West Adelaide
- Full name: West Adelaide Soccer Club
- Nicknames: Hellas, Westies
- Founded: 1962; 64 years ago 2008; 18 years ago (reformed)
- Dissolved: 1999; 27 years ago
- Ground: Kilburn Sports Complex
- Capacity: 5,000 (1,300 seated)
- Chairman: John Tsianos
- League: NPL South Australia
- 2026: 10th of 12
- Website: www.westadelaide.com.au
| Home colours | Away colours |

= West Adelaide SC =

West Adelaide Soccer Club is an Australian soccer club currently playing in National Premier Leagues South Australia. Traditionally named Hellas, the club was founded by members of the Greek community of Adelaide. West Adelaide became a founding member of the National Soccer League in 1977 and a year later became the first Adelaide team to be crowned national champion when it won the 1978 National Soccer League after a 1–1 draw in the final round match with Adelaide City in the local derby.

One of the most successful clubs in South Australia, West Adelaide competed in the national league for 19 seasons, interrupted briefly by two short periods in which it was relegated back to state competition. In the late 1990s, the club renamed itself the Adelaide Sharks in an effort to attract support beyond its traditional base in the Greek community. At the end of the 1998–99 National Soccer League season, the club was overcome by financial turmoil and entered administration. West withdrew from the national competition, and its senior arm declared bankruptcy. The club's juniors legally separated from the club and remained afloat.

In 2007, West Adelaide fielding senior teams in the South Australian competition once again. West gained promotion to the second tier in 2012 and returned to the top tier a year later, winning its first South Australian championship in 2015.

==History==
===Origins and early years===
West Adelaide's history dates back to 1936, when a small group of early Greek migrants to Adelaide founded the city's first Greek-backed soccer club, simply called Hellenic. The team often played informally at Adelaide High School, paid referees using their own money and, because most Greeks were yet to migrate to Australia, crowds rarely exceeded 100 people.

In 1945, the Greeks founded their club officially under the name Olympic but within 15 years, the South Australian Soccer Federation suspended the club from competition due to crowd violence. The club reformed a year later and re-entered the state league as the Hellenic Athletic and Soccer Club. In 1962, the Greek club merged with the old West Adelaide Soccer Club, which had formed in 1910 and, until that point, did not have ties to the Greek community. The new club, West Adelaide Hellas quickly won promotion to the top tier of South Australian football and became a powerhouse.

In its first 13 years, the club largely competed with Adelaide Juventus for supremacy in the local competition. The clubs shared nine titles between them in 10 years and matches between the two quickly became the major derby of the city.

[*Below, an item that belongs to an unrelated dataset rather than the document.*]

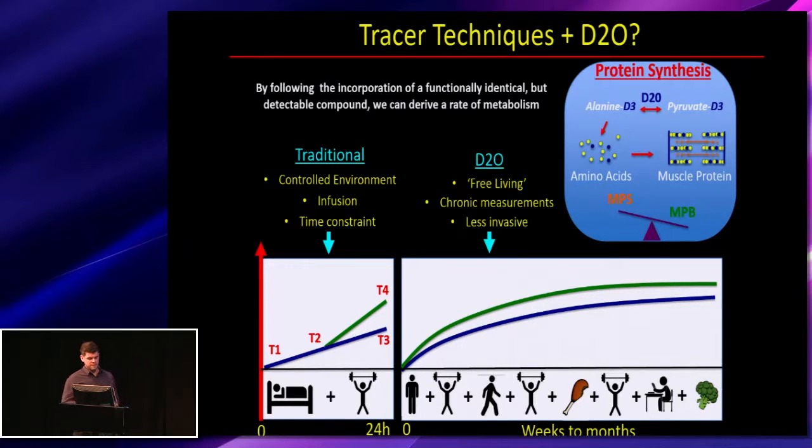In comparison, when using heavy water it's administered via oral consumption, so it can be less invasive. It has a long half-life within body water — deuterium gets incorporated into alanine quite rapidly, enriching your precursor pool over long periods if body water enrichment is kept at a constant level. This allows free-living measures of muscle protein synthesis across a full training period, capturing an accumulation of the participant's regular activity for long-term measurements.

===From the state league to national champion===

Chart of yearly table positions for West Adelaide in NSL

In 1977, West Adelaide became founding members of the National Soccer League, Australia's first national competition for any football code. The club had the honour of scoring the NSL's first goal on 2 April 1977. The goal scorer was Socceroo striker John Kosmina, whom the club had signed for the national league from rival state league club Polonia Adelaide just days earlier. Kosmina's goal in the first ever national league game came against Canberra City at Manuka Oval. West won the game 3–1 in front of a modest crowd of 1700 people. Kosmina, then 20 years old, scored the goal having played two 1978 FIFA World Cup qualification matches for Australia against New Zealand, scoring in one, as well as a cup final for his former club, Polonia.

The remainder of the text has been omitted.